Another delicate and challenging variation of this strategy references ones professional therapist experiences to address the narcissist's grandiosity and sense of being special.  The therapist may consider introducing the clinical definition of narcissistic personality disorder (DSM or other professional definition) to identify the pattern of the narcissist's behaviors.  Whether or not the therapist actually tells the person, "You have narcissistic personality disorder," or "You have a lot of narcissistic traits and behaviors," the therapist would need to manage the different potential reactions from the narcissist.  Some individuals, especially those with significant but not rigid narcissistic traits, significant ego strength, previous reparative and corrective experiences, high potential loss or gain from accepting the diagnosis, or some combination of these and other factors may find being normalized reassuring.  Within such individuals, there would have been some consciousness of the destructive consequences of their compulsive narcissism and a self-condemnation of such negative unproductive behaviors as unhealthy.  The therapist is challenged to present the pattern of narcissistic response as one normal style of response compelled by certain given options being available in reaction to extremely chronic psychic stress.  In other words, the psychological disorder of narcissism that he or she suffers is somewhat common not unprecedented attempt to survive shared by many others.  The difficulty of this feedback is that it makes the individual not special, but beholden to his or her humanity as shared by others.  High grandiosity may make this unacceptable to the narcissist.

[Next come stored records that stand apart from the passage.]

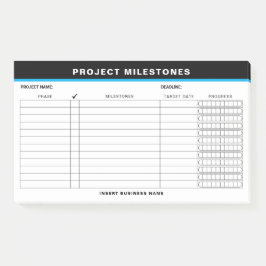 Add Name Project Milestones Tracker Sticky Notes Post-it Klebezettel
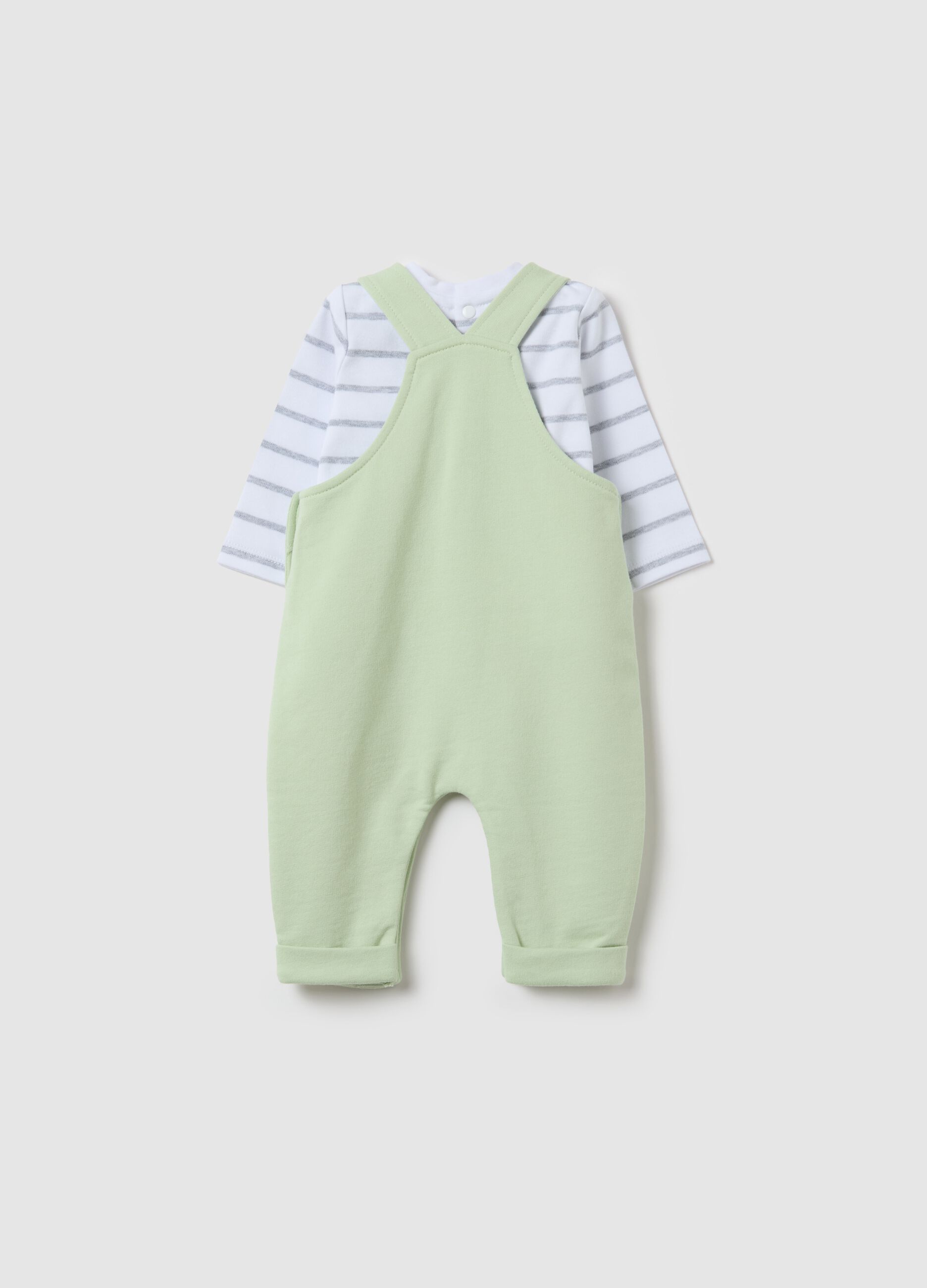 Dungarees and T-shirt set in cotton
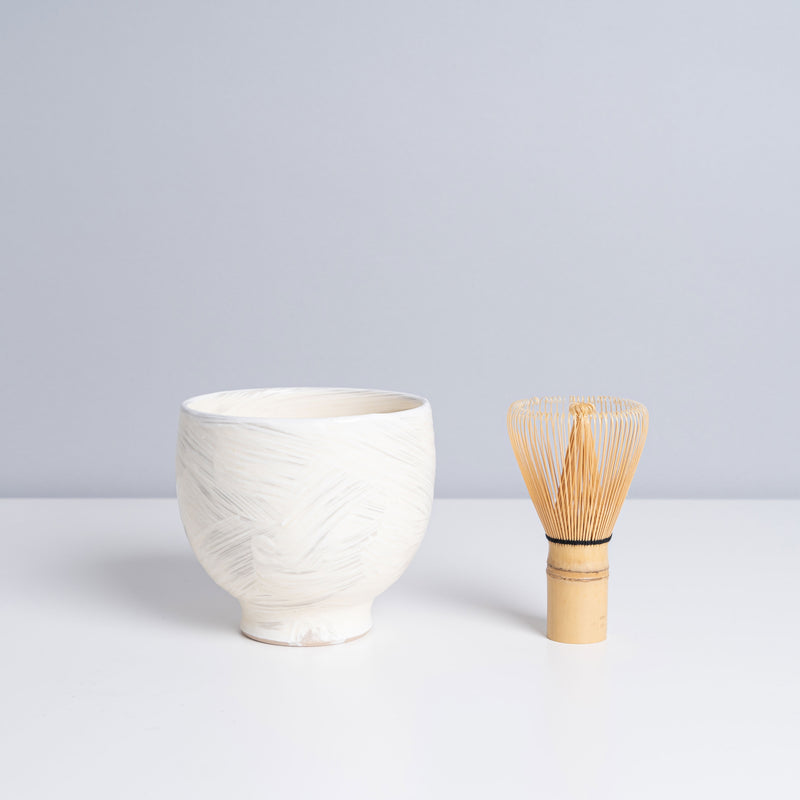 Japanese Ceramic Tea Bowl in Brushed White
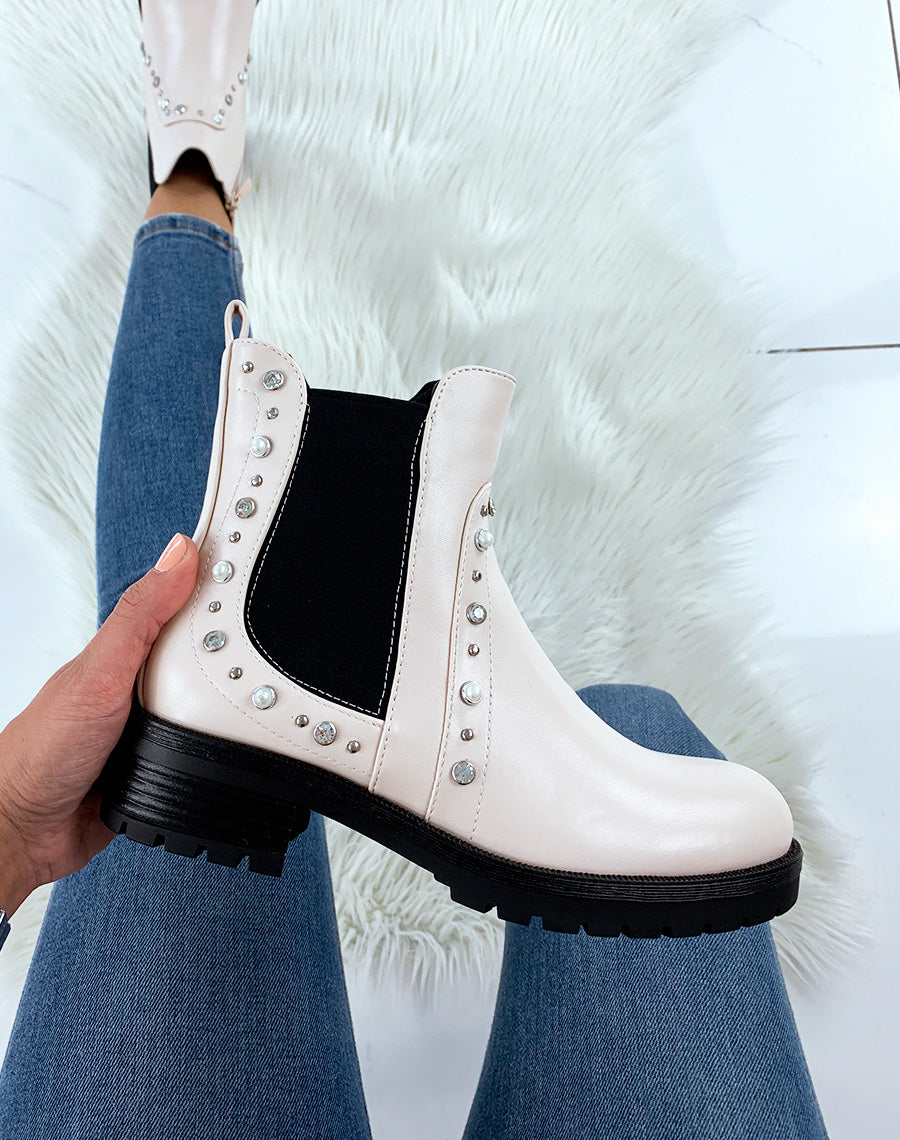 Bottines basses beiges à élastique noir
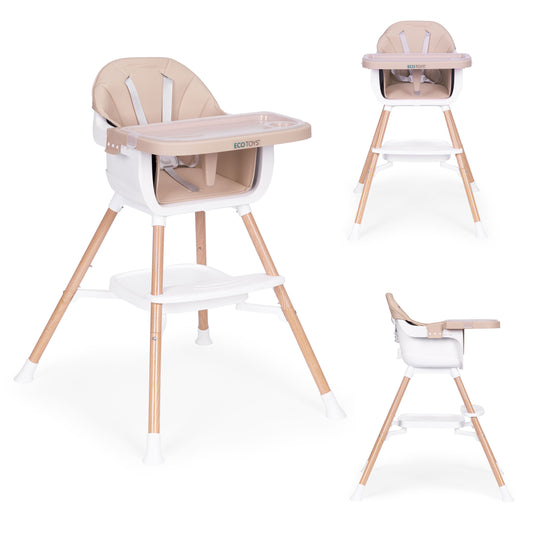 Vaikiška maitinimo kėdutė ECOTOYS 2-in-1 smėlio spalvos, 6–36 mėn.
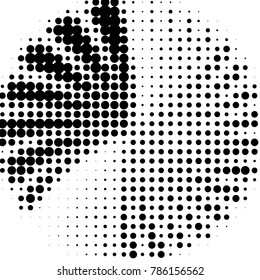 Abstract grunge grid polka dot halftone background pattern. Spotted black and white vector line illustration
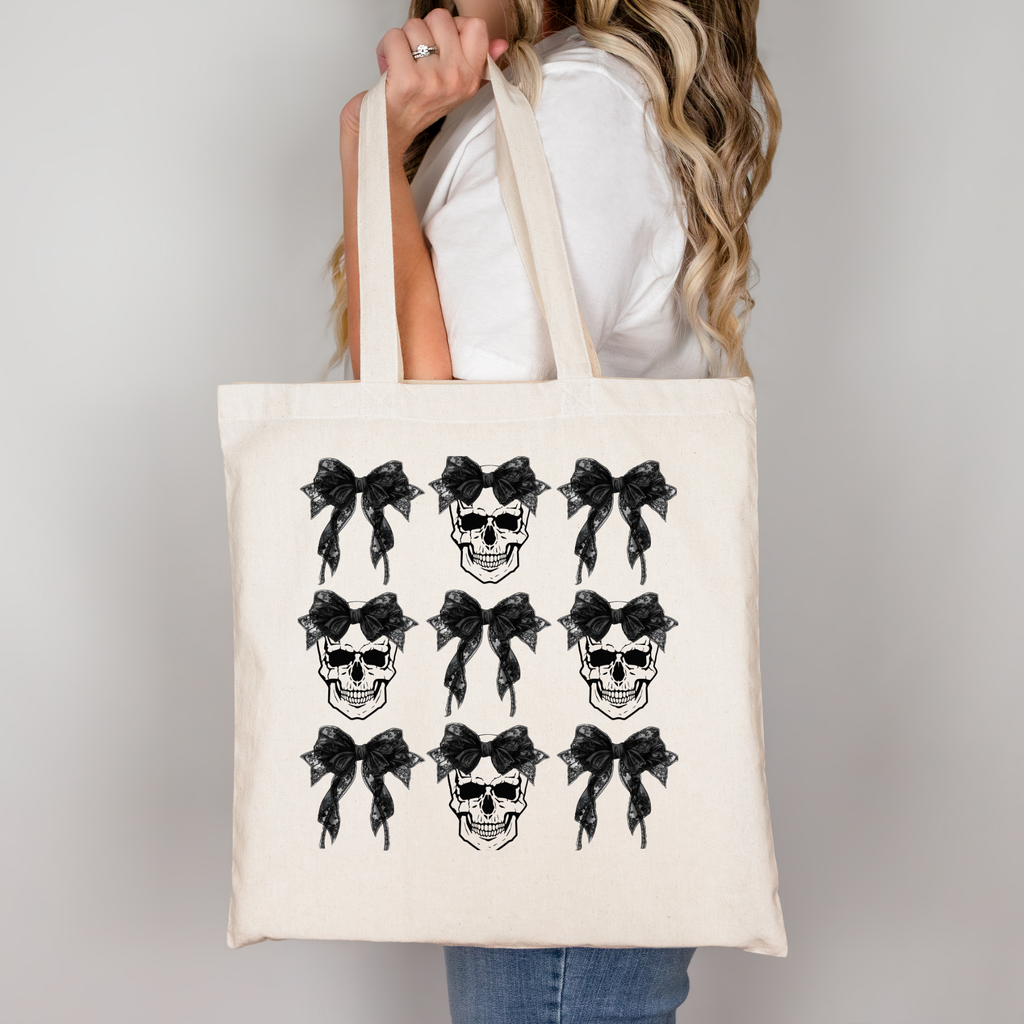 Skull Bow | Tragetasche mit Spruch – Baumwollbeutel mit Attitude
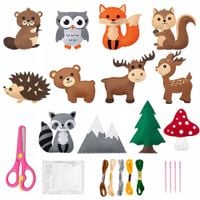 Las - filcowy zestaw do szycia DIY 12 el - Lis Sowa Niedźwiedź Wiewiórka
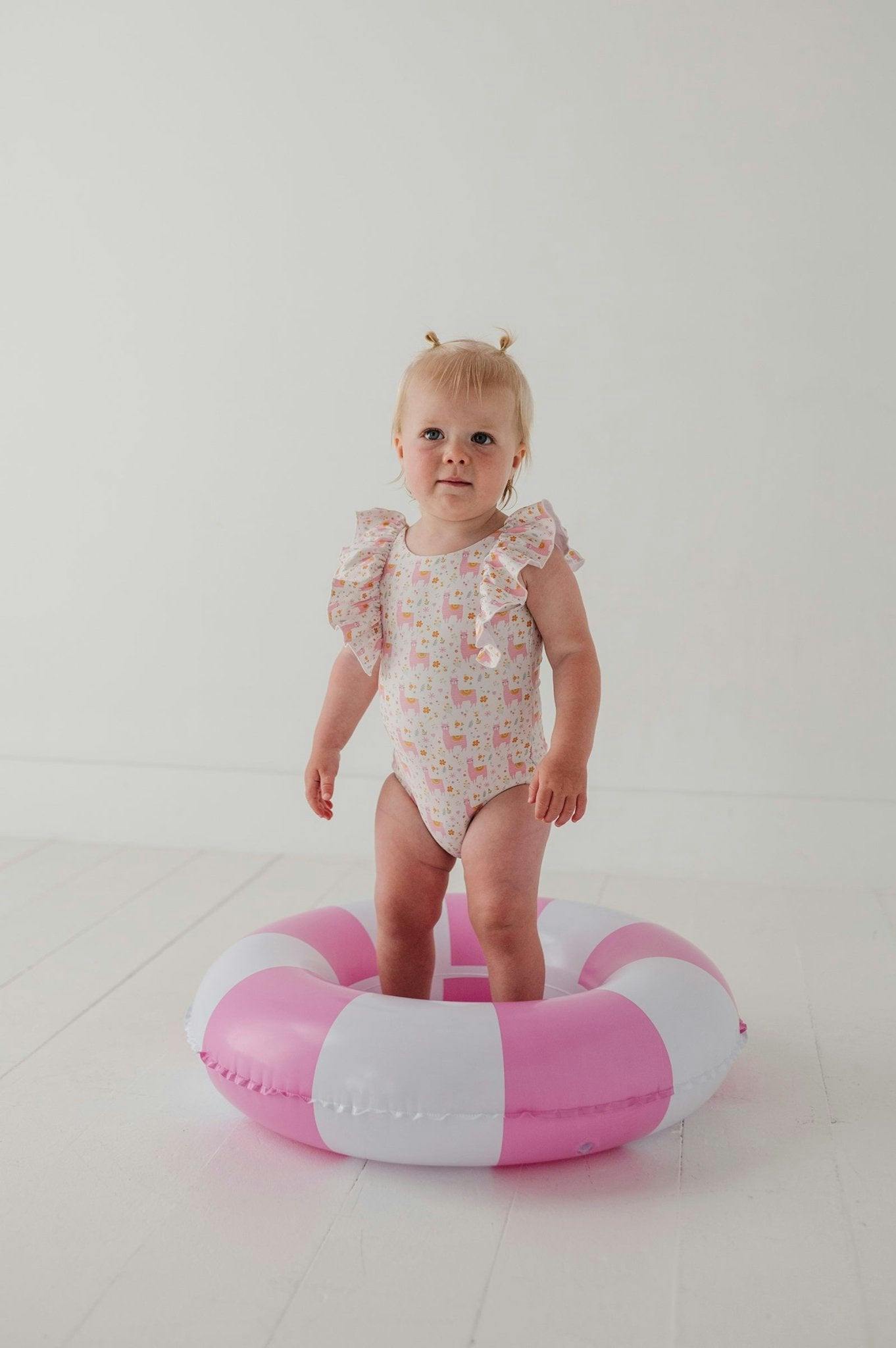 Baby Girl Ruffle Sleeve Cross Back Swimsuit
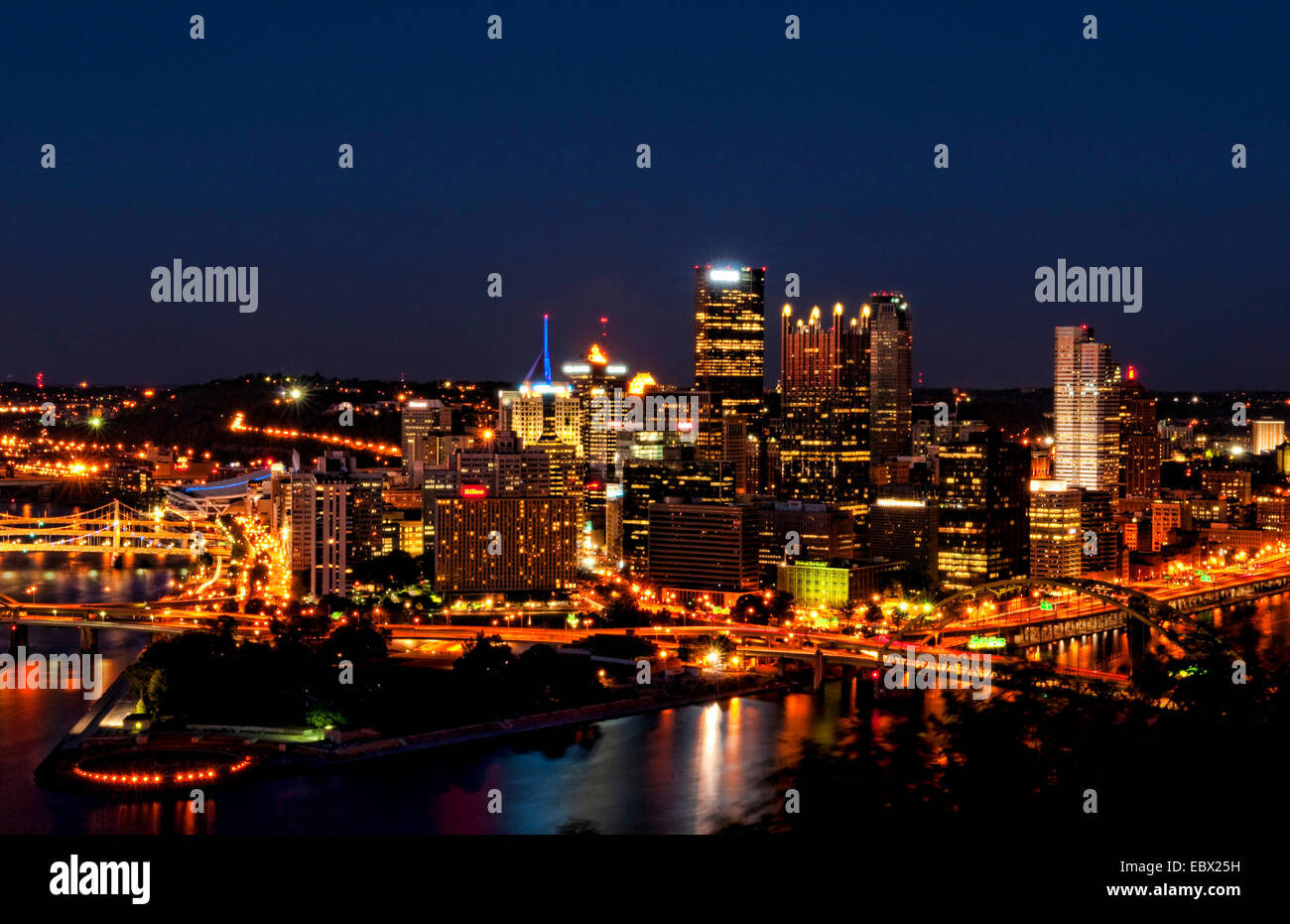Pittsburgh and the Three Rivers at night taken from Mt Washington, USA, Pennsylvania, Pittsburgh Stock Photo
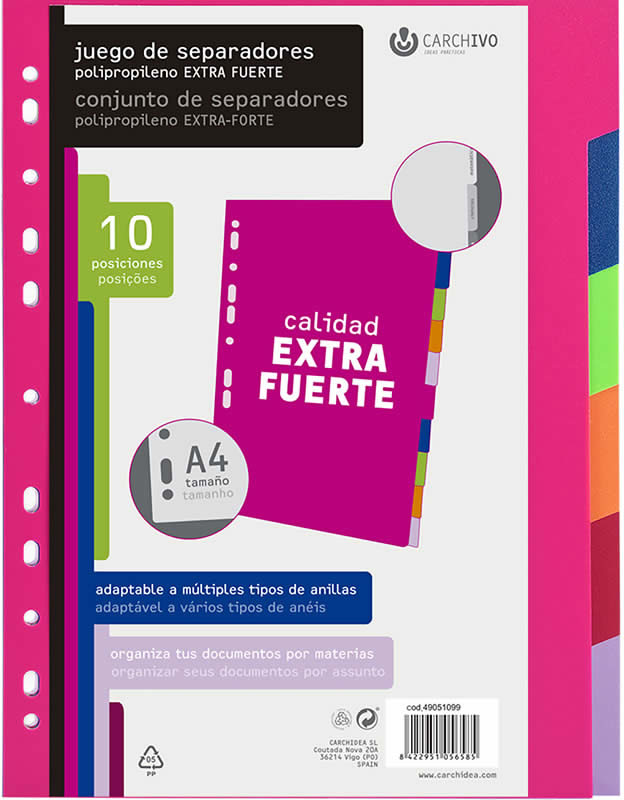 [49051099] BOLSA SEPARADORES A4 EXTRA-FUERTES 10 PESTAÑAS MULTITALADRO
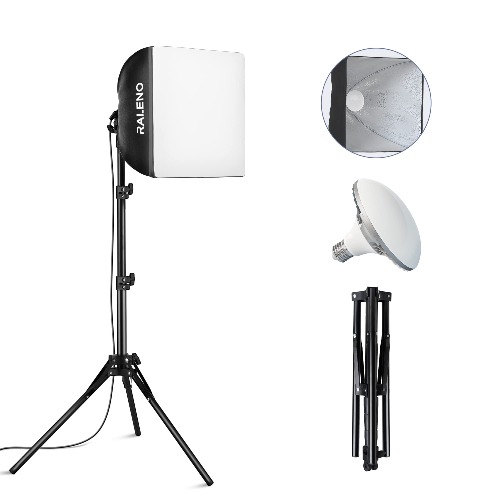 RALENO Softbox Lighting Kit, 16'' x 16'' Photography Studio Equipment with 50W / 5500K / 90 CRI LED Bulb, Continuous Lighting System for Video Recording and Photography Shooting - Softbox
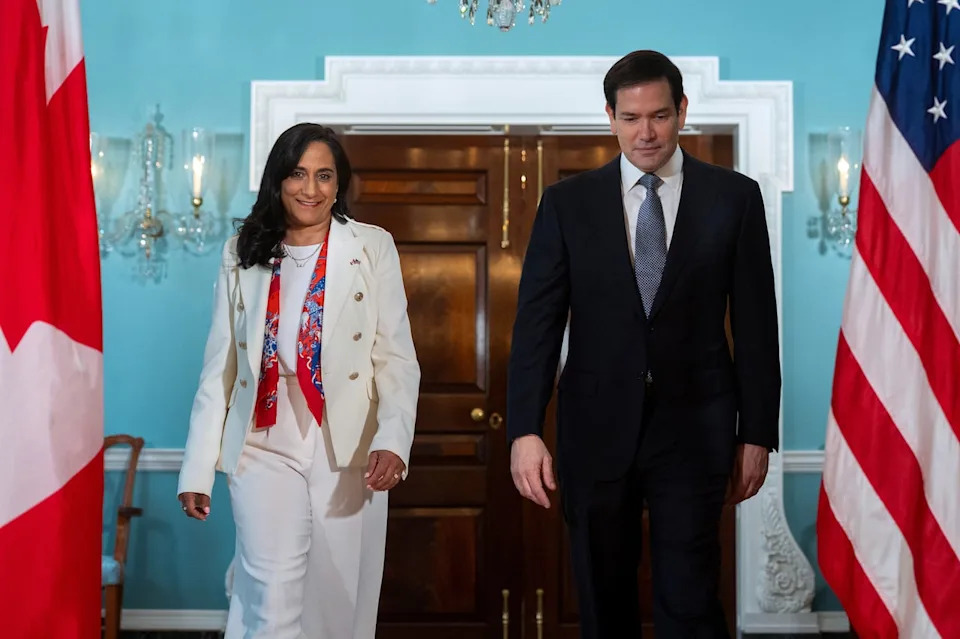 U.S. Secretary of State Marco Rubio, right, meets with Foreign Minister Anita Anand at the State Department in Washington last month. Anand said she spoke Tuesday with a Canadian ICC judge who is facing U.S. sanctions. (Cliff Owen/The Associated Press - image credit)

Some individuals may be receptive to being validated for the "brilliance" of developing a narcissistic defense style that accrues so many benefits (other than relationship intimacy).  Another potentially beneficial reframe would be for the therapist to assert an ability to transcend the early narcissistic wounds after being deeply invested and practiced with narcissistic values and behaviors as being exceptional.  In may ways, it is exceptional and very special for a narcissist to re-adjust his or her life philosophy and practice to a more mutual respectful bi-directional relationship exchange, become more vulnerable, and gain intimacy here-to-for not experienced.  Being special and superior is redefined not as competitive with others, but in respect to his or her to be former narcissistic self.  The narcissist's competitive nature may be triggered to surpass him or herself rather than to destroy others.  The therapist's presentation of this paradigm shift must be skillful and artfully executed.  Gaining the authoritative, expert, and leadership role would be an essential prerequisite to this intervention.

These various strategies and interventions become only possibly viable if the therapist can move him or herself into a new client-accepted "objective" position that surveys and assess interactions between self and the narcissist.  This is often a necessary strategy to maintain the therapist's role correcting distorted perceptions and cognitions. The therapist can assert his or her professional competence (superiority) in this domain—assessment and evaluation of interpersonal processes.  "Let me comment on what's has just happened (or has been going on) between us.  I notice that you need to challenge or question any feedback I give.  From my professional experiences with individuals similar to you, that behavior has some general origins and some major relationship consequences."  Sometimes, someone with less rigid narcissistic issues (less thin-skinned or fragile) is able to defer to this.  He or she is able to benefit from the feedback and use it in the relationship.  In couple therapy, the narcissist may not agree and continue to argue.  Depending on how fragile he or she is and how rigid the narcissism, he or she may not be receptive and remain unmoved.  Irregardless however, the partner gets to see the dynamic with someone else being the antagonist to the narcissist for the first time.  The therapist may introduce his or her emotional reaction ("I felt dismissed by you") and ask if that is what the narcissist has intended to happen, or simply if he or she is aware of it.  The therapist can comment again on the process (arguing and superiority)- "I experience you as being unable to accept my being 'right' as if it makes you 'wrong.'  If I wasn't your therapist and was in some personal or work relationship with you, I would start to be really annoyed with you."  The individual may be able to reflect upon this and respond to it and the following additional inquiry, "Have you ever gotten feedback about your interactions with others like this before?  Have you loss relationships or jobs because of something like this before?  How many times?  Who?  When?"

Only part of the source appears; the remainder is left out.